Dear Mr. Search Engineer: I noticed several references to "centrifugal force" in a recent article in Design News. But there's no such thing, right? —Scott in Minnesota
Dear Scott: Actually, you are confused about the distinction between physical forces and inertial forces. The concept of a centrifugal force derives from D'Alembert's principle which takes the acceleration side of the F=ma equation, and moves it to the other side (F-ma=0). This allows a body under the influence of physical forces (F) to be considered in equilibrium with the inertial forces (ma). This approach has some advantages for analysis in certain situations. In the case of motion along a curved path, the term "centripetal" basically means "toward the center of curvature," while the term "centrifugal" means "away from the center of curvature. In curvalinear motion there must be a physical (centripetal) force in the centripetal direction in order to force the body along a curved path. This physical force causes the centripetal acceleration.

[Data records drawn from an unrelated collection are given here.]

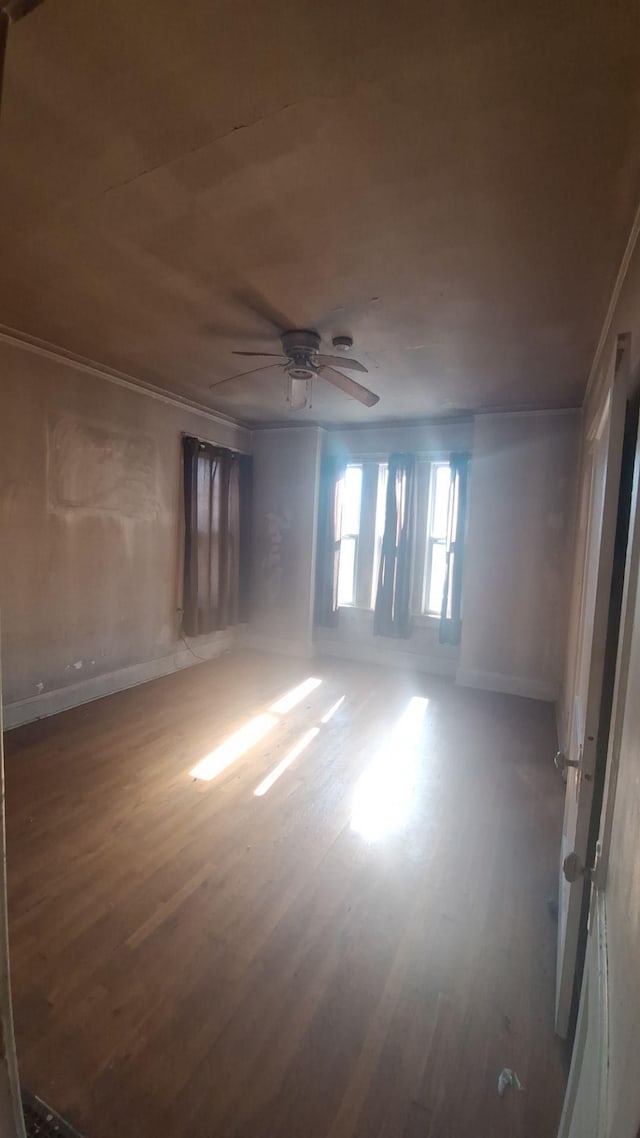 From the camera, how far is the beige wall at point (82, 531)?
10.2ft

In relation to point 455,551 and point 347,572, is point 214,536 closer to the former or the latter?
point 347,572

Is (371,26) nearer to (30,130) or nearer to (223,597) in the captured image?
(30,130)

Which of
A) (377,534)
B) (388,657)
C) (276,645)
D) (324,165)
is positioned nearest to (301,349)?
(324,165)

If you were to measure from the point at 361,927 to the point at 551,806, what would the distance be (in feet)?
4.46

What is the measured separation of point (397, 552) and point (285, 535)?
1.31 m

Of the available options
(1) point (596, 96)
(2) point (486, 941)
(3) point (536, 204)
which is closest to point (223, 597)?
(2) point (486, 941)

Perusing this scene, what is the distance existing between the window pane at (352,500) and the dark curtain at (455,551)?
3.51 ft

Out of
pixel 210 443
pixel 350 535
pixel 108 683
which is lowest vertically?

Hi There, Search Engineer: We took the plunge and bought brand new hardware and software, specifically a Pentium 4-2 GHz with Windows XP Professional Software. All of my program and data files transferred nicely except I can't get AutoCAD R-13 drawings to print on my HP Laserjet III printer. What's up?—T.E. in Indiana
Dear T.E.: Dude, if you're going to spend money on a computer, put a little extra in the budget to upgrade your CAD software, too. Here's why:
1) CAD upgrades are not all that expensive anymore (provided you are a registered user).

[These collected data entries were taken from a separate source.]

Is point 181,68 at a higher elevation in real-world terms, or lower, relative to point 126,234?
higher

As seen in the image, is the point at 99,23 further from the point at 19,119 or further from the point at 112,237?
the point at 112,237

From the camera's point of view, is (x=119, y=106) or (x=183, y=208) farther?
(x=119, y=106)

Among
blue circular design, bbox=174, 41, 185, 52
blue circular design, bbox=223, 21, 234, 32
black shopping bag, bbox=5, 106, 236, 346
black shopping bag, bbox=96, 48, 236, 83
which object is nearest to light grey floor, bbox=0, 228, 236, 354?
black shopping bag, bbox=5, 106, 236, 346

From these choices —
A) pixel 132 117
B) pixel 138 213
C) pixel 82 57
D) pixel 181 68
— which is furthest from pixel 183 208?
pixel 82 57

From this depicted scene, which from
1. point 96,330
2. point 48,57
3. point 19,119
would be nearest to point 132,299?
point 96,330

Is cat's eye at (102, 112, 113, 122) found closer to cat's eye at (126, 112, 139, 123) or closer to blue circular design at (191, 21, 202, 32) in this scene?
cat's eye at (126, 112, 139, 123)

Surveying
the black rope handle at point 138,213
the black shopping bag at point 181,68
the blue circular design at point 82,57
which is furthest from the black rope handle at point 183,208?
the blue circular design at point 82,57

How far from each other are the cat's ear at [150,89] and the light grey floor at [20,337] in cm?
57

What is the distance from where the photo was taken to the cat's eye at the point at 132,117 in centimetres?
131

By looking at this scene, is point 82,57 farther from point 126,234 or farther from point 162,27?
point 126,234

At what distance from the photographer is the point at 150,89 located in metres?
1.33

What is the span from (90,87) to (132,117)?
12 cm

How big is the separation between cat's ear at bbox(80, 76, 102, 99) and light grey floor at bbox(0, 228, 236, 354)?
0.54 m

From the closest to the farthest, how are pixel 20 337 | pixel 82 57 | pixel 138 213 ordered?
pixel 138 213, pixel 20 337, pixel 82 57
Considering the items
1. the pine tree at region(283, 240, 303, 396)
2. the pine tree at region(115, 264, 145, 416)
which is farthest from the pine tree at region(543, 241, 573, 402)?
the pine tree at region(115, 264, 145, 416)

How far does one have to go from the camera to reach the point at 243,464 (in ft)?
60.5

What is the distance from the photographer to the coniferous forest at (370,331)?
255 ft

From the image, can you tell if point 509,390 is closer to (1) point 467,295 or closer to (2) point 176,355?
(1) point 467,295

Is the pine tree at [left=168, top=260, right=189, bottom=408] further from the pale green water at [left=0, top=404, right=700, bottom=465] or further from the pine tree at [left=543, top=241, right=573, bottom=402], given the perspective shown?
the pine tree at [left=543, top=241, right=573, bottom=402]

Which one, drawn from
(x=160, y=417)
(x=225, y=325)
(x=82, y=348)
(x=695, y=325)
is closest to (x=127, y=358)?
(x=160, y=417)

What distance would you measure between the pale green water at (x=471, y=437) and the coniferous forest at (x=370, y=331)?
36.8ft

2) Your skill levels will improve, rather than stagnate
3) Since your skill level will improve, so will your marketability (hey, you never know when you might be out of a job these days)

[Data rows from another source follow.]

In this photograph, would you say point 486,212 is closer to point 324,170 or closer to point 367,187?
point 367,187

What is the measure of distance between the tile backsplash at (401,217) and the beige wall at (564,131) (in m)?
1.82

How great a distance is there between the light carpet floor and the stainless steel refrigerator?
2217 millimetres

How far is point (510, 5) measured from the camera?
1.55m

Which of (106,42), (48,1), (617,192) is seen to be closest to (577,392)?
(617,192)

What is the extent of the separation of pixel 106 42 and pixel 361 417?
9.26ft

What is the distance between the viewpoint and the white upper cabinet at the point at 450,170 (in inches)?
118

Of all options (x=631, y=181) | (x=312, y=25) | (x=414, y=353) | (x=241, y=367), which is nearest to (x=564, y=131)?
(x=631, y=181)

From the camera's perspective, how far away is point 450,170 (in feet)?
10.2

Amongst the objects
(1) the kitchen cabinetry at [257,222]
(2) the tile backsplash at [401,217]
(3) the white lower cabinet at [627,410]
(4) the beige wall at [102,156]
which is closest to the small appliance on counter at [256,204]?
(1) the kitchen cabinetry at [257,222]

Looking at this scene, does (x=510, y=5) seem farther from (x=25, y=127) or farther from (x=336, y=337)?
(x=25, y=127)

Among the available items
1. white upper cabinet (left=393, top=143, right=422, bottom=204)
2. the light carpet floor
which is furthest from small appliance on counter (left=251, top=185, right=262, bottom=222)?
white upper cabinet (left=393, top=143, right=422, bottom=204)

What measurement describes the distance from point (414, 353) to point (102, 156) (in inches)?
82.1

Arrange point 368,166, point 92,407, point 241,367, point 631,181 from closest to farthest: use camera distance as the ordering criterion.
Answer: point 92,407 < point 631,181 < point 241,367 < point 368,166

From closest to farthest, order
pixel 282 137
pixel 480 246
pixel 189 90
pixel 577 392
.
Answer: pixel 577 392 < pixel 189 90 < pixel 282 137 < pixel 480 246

4) You will find it ever increasingly difficult to swap files with others
Oh Wisest of All, Mr. Search Engineer: I have a prototype molding process that involves pouring molten material onto a constantly rotating mold plate. The mold holes are through-holes. Below the moving mold plate is a static chill plate. The problem is "smearing." As the molten material first contacts the chill plate, a thin film is laid down until enough of the material has set up to plug the hole. Any ideas?—J.P. in Chicago
Dear J. P.: The first idea is free, we'll have to bill you for the rest! You could try placing a stainless steel foil "seal" on the bottom of the moving mold plate. Alternatively, silicone grease or other viscous compound might serve to temporarily "attach" to the seal, preventing the leakage while giving the necessary cooling. Or, how about rotating or moving the chill plate so that it can be cleaned, scraped or lubricated during the process? You might even try welding a thin plate to the mold between the chill plate and the mold. The thin metal plate should not cut down cooling too much, and it will block the molten material.